今手に持っているデジカメには可愛くて愛しい彼女が写っている。その姿を見ていると何だか心が和む、というか顔が自然に緩んでしまう。
今日は桜乃が俺の彼女になって初めてのデート。ガチガチで緊張丸出しの彼女は本当に可愛くて、他の男には見せたくないくらいだった。
我ながらこんなにも独占欲が強かったのか、と自分で自分に苦笑いしてしまう。

デジカメに写っている彼女はいつにも増してきらきらしていて、こんなにも美しすぎる。
この笑顔、姿すべてが俺の物だということに幸せだなと思う。
桜乃に好意を寄せている奴はこの世には数えきれないほどいるだろう。

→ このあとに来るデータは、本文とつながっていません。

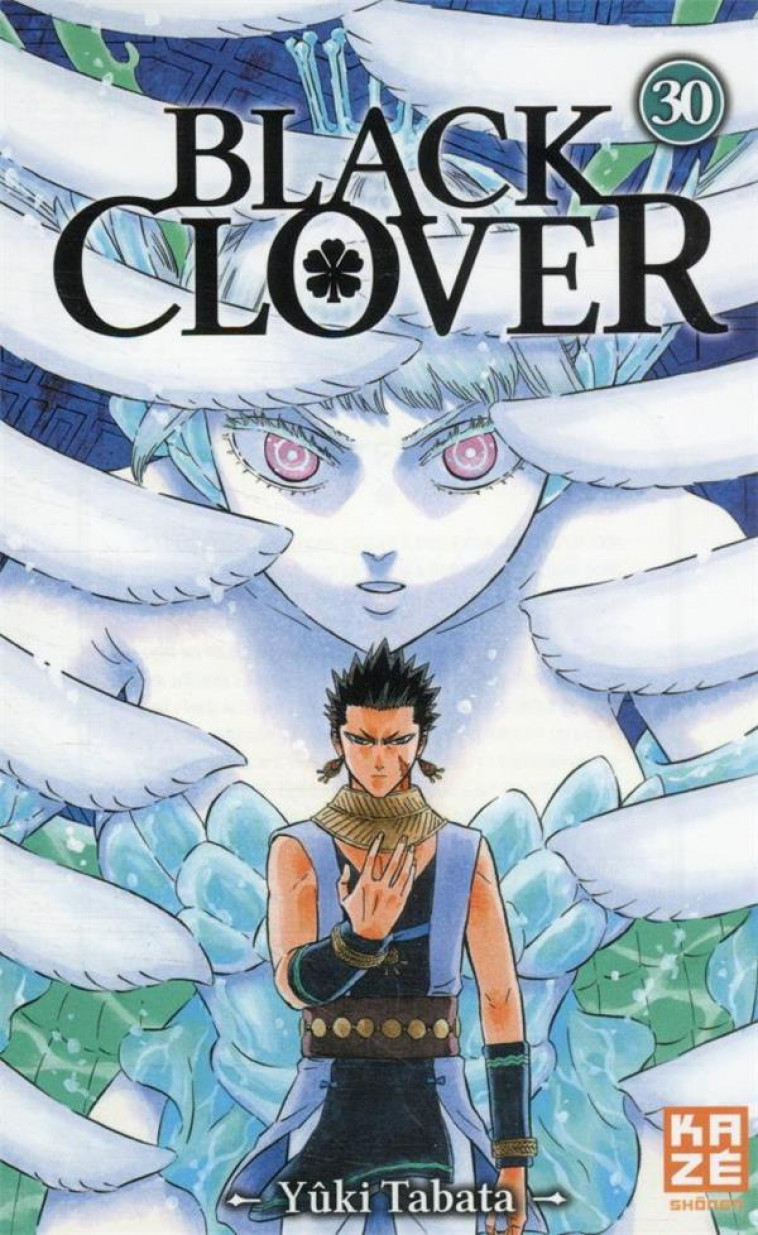 BLACK CLOVER T30 - TABATA-Y - KAZE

その中で俺を選んでくれた、俺を好きと言ってくれた。
俺も桜乃を離すつもりはないし、今だって神奈川と東京で桜乃不足が恐ろしいほど溜まっている。
だから、いつまでも桜乃を抱きしめていたくなって、たまらないんだ。

情けない、と深くため息をついて、携帯を取った。





「ゆ、幸村さん!」
「桜乃ちゃん…ごめんね、いきなり押しかけちゃって…」
「いえ、いいんです。私も…幸村さんに会いたかった、ので…」


今日のデートだけじゃ足りず、電話を切るとすぐに上着を持って少し遠い東京まで急いだ。
電車の中でも彼女の姿が頭から離れず、彼女を抱きしめたときの感覚まで体中に溢れ出てきた。

家の近くの公園で待ってて、とだけ残した短い電話。
その場所へ着くとブランコに乗って俯きながら待っている彼女を見つけ思い切り抱き締めた。
慌てふためく彼女が可愛くて、可愛くて、何回言ってもまだ足りないほど可愛くて、俺の大切な彼女であって。誰にも渡したくない存在であって。
真っ赤になった彼女をそっと腕から解放し、向き合った。


「ゆ、幸村さん…」
「しっ、静かに。キスは目を瞑ってするものだよ?」
「はっ、はい…っ」


桜乃が目を瞑ったことを合図にゆっくりと唇が重なった。
ああ、これが本物。これが俺の大好きな桜乃の唇。やっぱり写真だけじゃ、デート一回だけじゃ物足りない。
本当は24時間365日抱きあって、キスして、それ以上のことだってしたいのに。
神奈川と東京という距離がそれを許してはくれない。


「…桜乃…好き…だ」
「幸村さん…わ、たしも…好き、です…///」
「名前…呼んでよ。俺の、名前」
「精市、さん」
「うん、ありがとう。桜乃、愛してる」


その一瞬の甘いキスはまるで魔法のように俺を支配していった。
頭では帰らなければならない、と分かっているのに体は全く言うことを聞かなくて、やっと離れたのはそれから一時間後だった。
帰り間際に初めての桜乃からのキスを贈られた。それが嬉しくて二ヤけた顔が元に戻らなかった。